_Your objective_
Output the line that contains "Schwarzbrotspiritualität", then every line beneath it through the end of the records, exactly as given and with no other lines.

_Data records_
####################

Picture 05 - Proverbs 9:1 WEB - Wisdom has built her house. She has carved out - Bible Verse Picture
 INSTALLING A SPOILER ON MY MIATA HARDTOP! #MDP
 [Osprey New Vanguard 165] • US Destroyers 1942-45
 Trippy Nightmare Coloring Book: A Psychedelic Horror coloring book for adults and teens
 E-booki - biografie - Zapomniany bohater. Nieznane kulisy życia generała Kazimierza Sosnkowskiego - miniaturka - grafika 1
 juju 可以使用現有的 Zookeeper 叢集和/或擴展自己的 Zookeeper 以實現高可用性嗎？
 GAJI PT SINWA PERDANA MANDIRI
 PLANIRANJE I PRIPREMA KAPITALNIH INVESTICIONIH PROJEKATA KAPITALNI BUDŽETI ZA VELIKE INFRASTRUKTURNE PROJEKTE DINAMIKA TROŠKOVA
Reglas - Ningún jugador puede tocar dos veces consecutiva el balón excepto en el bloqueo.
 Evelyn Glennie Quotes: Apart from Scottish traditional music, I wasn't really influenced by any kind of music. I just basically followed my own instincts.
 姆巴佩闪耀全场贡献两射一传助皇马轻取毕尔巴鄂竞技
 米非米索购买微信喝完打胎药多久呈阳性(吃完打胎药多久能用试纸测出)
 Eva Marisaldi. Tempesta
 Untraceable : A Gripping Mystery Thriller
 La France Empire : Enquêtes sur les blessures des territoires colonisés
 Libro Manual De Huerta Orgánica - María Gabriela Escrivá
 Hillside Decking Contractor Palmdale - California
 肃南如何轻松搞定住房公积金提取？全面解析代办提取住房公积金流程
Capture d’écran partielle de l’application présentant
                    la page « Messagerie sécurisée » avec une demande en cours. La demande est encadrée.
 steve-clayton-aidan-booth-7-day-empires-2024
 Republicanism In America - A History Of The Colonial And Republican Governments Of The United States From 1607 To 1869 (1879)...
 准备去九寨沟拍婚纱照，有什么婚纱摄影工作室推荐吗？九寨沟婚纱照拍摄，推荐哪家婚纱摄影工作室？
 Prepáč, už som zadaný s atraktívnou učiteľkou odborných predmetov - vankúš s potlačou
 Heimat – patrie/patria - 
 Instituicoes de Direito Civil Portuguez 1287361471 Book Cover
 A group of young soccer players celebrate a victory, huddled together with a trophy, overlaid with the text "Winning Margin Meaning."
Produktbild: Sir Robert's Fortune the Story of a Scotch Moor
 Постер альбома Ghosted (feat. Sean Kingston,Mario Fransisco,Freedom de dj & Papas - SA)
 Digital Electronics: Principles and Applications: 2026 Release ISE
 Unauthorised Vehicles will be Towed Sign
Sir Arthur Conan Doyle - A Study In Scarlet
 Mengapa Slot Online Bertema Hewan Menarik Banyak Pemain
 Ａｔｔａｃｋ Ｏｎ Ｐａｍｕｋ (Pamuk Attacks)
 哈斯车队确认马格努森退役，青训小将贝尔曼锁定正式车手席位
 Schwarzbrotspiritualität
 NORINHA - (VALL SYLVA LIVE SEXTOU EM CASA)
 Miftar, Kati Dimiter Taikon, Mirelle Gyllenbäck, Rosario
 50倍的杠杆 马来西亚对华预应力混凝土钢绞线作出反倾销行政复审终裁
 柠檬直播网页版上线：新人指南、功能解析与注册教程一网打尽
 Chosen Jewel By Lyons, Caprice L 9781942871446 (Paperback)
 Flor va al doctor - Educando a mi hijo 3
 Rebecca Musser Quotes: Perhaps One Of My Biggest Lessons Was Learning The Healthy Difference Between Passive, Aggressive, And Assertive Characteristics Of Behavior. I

####################

_Output for this task_
 Schwarzbrotspiritualität
 NORINHA - (VALL SYLVA LIVE SEXTOU EM CASA)
 Miftar, Kati Dimiter Taikon, Mirelle Gyllenbäck, Rosario
 50倍的杠杆 马来西亚对华预应力混凝土钢绞线作出反倾销行政复审终裁
 柠檬直播网页版上线：新人指南、功能解析与注册教程一网打尽
 Chosen Jewel By Lyons, Caprice L 9781942871446 (Paperback)
 Flor va al doctor - Educando a mi hijo 3
 Rebecca Musser Quotes: Perhaps One Of My Biggest Lessons Was Learning The Healthy Difference Between Passive, Aggressive, And Assertive Characteristics Of Behavior. I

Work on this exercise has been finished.